Deputy Minister of Plantation Industries
- In office 1970–1977

Personal details
- Born: Haputhanthri Gamage Albert Kariyawasam 8 May 1921
- Party: Sri Lanka Freedom Party
- Other political affiliations: Mahajana Eksath Peramuna
- Children: Sagara Kariyawasam

= Albert Kariyawasam =

Sri Lankan politician (born 1921)

Albert Kariyawasam (born 8 May 1921) was a Sri Lankan politician.

Haputhantri Gamage Albert Kariyawasam was born on 8 May 1921. He received his primary school education at Christ Church School, Niyagama and the government school at Gammaddegoda before attending Henry Olcott College, Kolonnawa and Udugampola Government Senior School.

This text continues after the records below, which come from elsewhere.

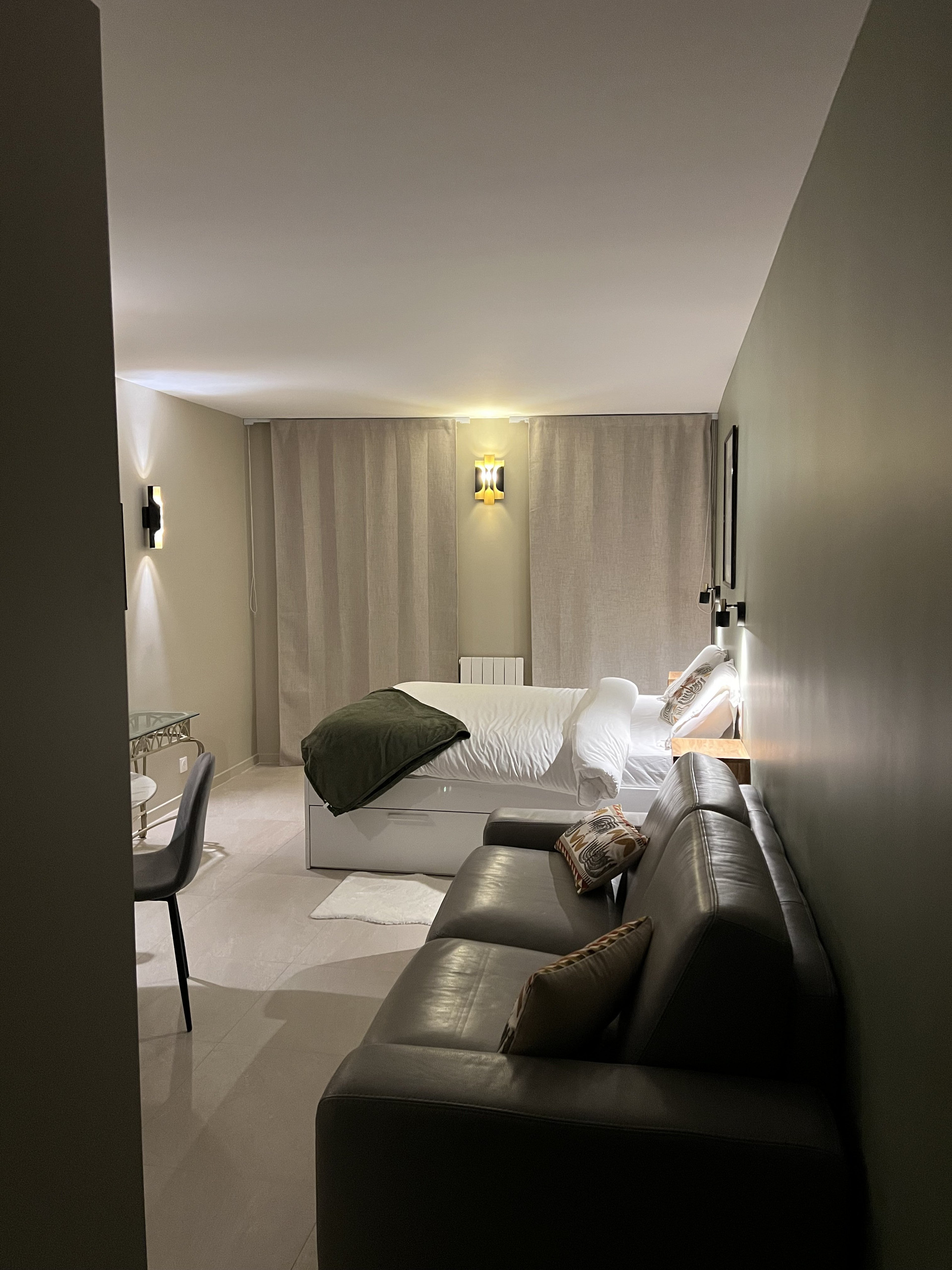 Studio bed sofa evening view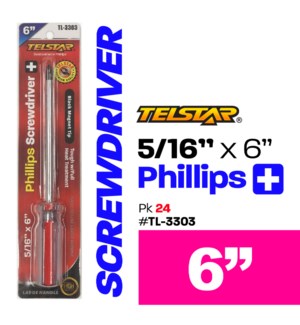 Phillips (5/16"x6") Magnet Tip Screwdriver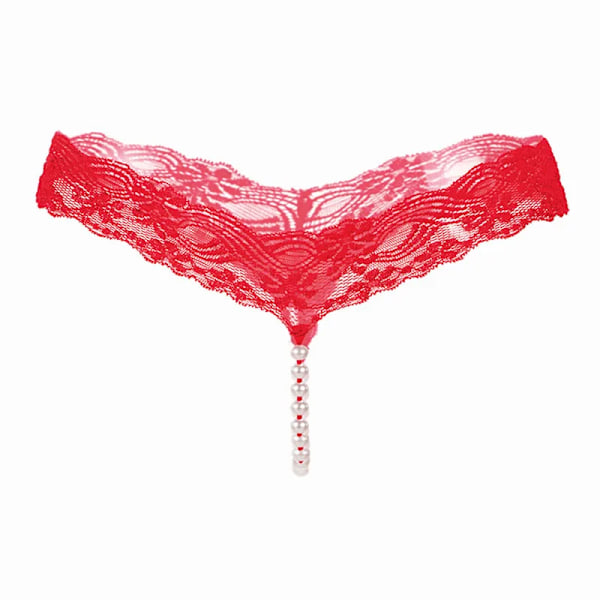 Sexig Spets Underkläder Kvinnor Bakre Bogbyxor Kvinnor G-String T-Back Thong Transparent Underkläder Söt Med Pärlor KL107Rosa En Storlek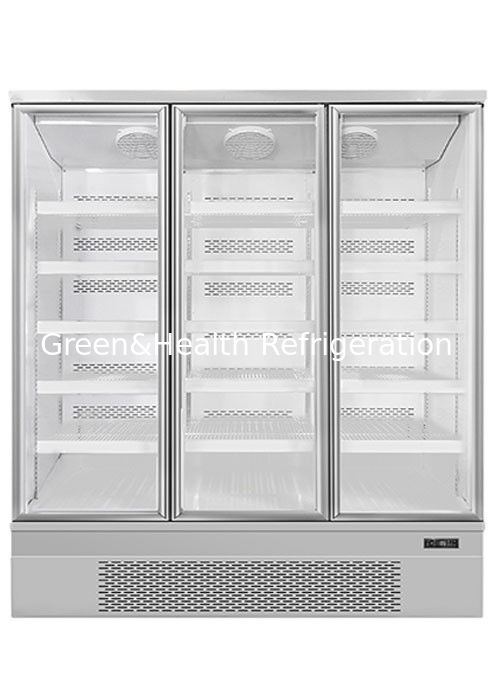 Congélateur d'exposition vertical économe en énergie avec refroidissement par ventilateur et étagères réglables pour supermarchés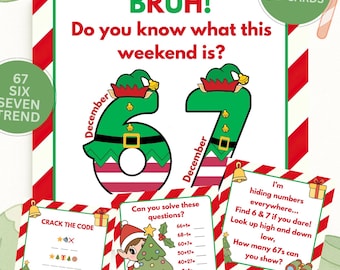 6 7 Elf afdrukbare bundel, kerstelf activiteitenkaarten, Six Seven Elf Joke, Crack the Code Game, Kids Elf Ideas, Instant Download 4 x 4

Kariyawasam contested the 4th parliamentary election, held on 19 March 1960, as the Mahajana Eksath Peramuna candidate in the newly created electorate of Bentara-Elpitiya. He narrowly lost to the United National Party candidate, Richard Gregory Samaranayake, by 592 votes. He changed his political allegiances and joined the Sri Lanka Freedom Party, running as the party's nominee at the subsequent 5th parliamentary election, held on 20 July 1960. He was successful, defeating Samaranayake by 5,987 votes, securing the seat of Bentara-Elpitiya.

At the 6th parliamentary elections, held on 22 March 1965, Kariyawasam ran as the sitting member. He received 21,084 votes (47% of the total vote) and was defeated by Samaranayake, by 5,987 votes. In November 1965 the election result was ruled void, and at the following a parliamentary by-election, held on 24 October 1966, he regained the seat, defeating the United National Party candidate, Colin Wijesekera Samaranayaka (Samaranayake's brother), by 1,677 votes. He retained the seat at the 7th parliamentary elections, held on 27 May 1970, defeating Rupasena Karunatillake, from the United National Party. Following the election he was appointed as the Deputy Minister of Plantation Industries in the Second Sirimavo Bandaranaike cabinet.

At the 8th parliamentary election, held on 21 July 1977, he failed to retain his seat losing to Karunatillake by 11,854 votes.

His son, Sagara, is a Member of Parliament, representing the Sri Lanka People's Freedom Alliance.